I was referring to the owners. Never dealt with the staff, but I suspect you're right on the money, there.

I wouldn't bet against cash under the table, either.


----------



## willsee

Well when the owners are paying their entire staff minimum wage with no benefits and charging $150+/head.

We went to one daycare where the owner was given the daycare by her dad and she flat out told us she hated children. Needless to say we didn't take junior there.


----------



## RIP - VTEnviro

$150 for head sounds a little steep.


----------



## MA_PE

willsee said:


> Well when the owners are paying their entire staff minimum wage with no benefits and charging $150+/head.
> 
> We went to one daycare where the owner was given the daycare by her dad and she flat out told us she hated children. Needless to say we didn't take junior there.


Was her dad in jail for being a pedophile?


----------



## willsee

VTEnviro said:


> $150 for head sounds a little steep.


Charge what you think you're worth I suppose.


----------



## jeb6294

willsee said:


> Well when the owners are paying their entire staff minimum wage with no benefits and charging $150+/head.
> 
> We went to one daycare where the owner was given the daycare by her dad and she flat out told us she hated children. Needless to say we didn't take junior there.
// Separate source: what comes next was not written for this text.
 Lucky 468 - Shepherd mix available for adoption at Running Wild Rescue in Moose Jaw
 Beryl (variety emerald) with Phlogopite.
I'm willing to bet daycares have ay a fortune towards insurance though...liability type, not healthcare for workers.


----------



## willsee

jeb6294 said:


> willsee said:
> 
> 
> 
> Well when the owners are paying their entire staff minimum wage with no benefits and charging $150+/head.
> 
> We went to one daycare where the owner was given the daycare by her dad and she flat out told us she hated children. Needless to say we didn't take junior there.
> 
> 
> 
> 
> 
> I'm willing to bet daycares have ay a fortune towards insurance though...liability type, not healthcare for workers.
Click to expand...

I agree with that


----------



## Boomer01 PE

In most cases, you pay for what you get with daycares. We are close to putting our 9 month old in one and have looked at quite a few. Most of them you get a internal yes or no right away. The ones that past your "piece of mind" test, should be carefully decided until you feel like you have one that you trust with your child. The one we found that was our overwhelming favorite was $1000/month which was around $250-300 more per month than the others. Knowing that your child is going to be safe and will learn life skills instead of sitting in front of a tv is priceless. Of course you are going to hear about daycare horror stories in the news, but the vast majority of the time they come from the substandard daycares.


----------



## ptatohed

You guys are complaining about $12,000 per year (per kid) for daycare but, if you think about it, those of us whose wives stay home with the kid(s) are really spending our wives’ potential income (let’s just use $50,000/yr for the sake of conversation). So, I am “spending” $50,000 for “daycare”!  But that’s ok, I wouldn’t have it any other way. It’s very important to us. It’s something we talked about and agreed upon before marriage. No hired help, in my opinion, is going to raise your kids as good as mom. I’m not trying to preach, I am just stating how it’s important to me, personally, for my wife to stay home. In fact, just 20 minutes ago, my desk phone rings, I pick it up and I hear from my 2.5 year old “Hi Dadda. Momma and Kevin go park. I go on slide. I go fass on swing. I miss yooou. I love yooou. Bye Dadda”. Worth $50,000? It is to me.


----------



## Dexman PE PMP

^^^ That's why I just take my kids to the park after I get home from work.


----------



## YMZ PE

I have a lot of respect for parents who have the patience to stay home with the kids. I love my kids, but God help them if they had to be around me all day. It would be nonstop tears and screaming for all of us.


----------



## Ble_PE

Mrs. ble stays home with the kids and I really don't know how she does it. I'm burnt out after a couple of hours alone with them.


----------



## snickerd3

THe 3 months i was home for maternity leave drove me bat shit crazy...the parttime was PERFECT. THe balance of SAHM and working mom was just enough to easy the mental crazies and still be home with minisnick. But that was only for the first yr. I had to go back to work to keep my job and medical insurance.


----------



## Dexman PE PMP

YMZ PE said:


> I have a lot of respect for parents who have the patience to stay home with the kids. I love my kids, but God help them if they had to be around me all day. It would be nonstop tears and screaming for all of us.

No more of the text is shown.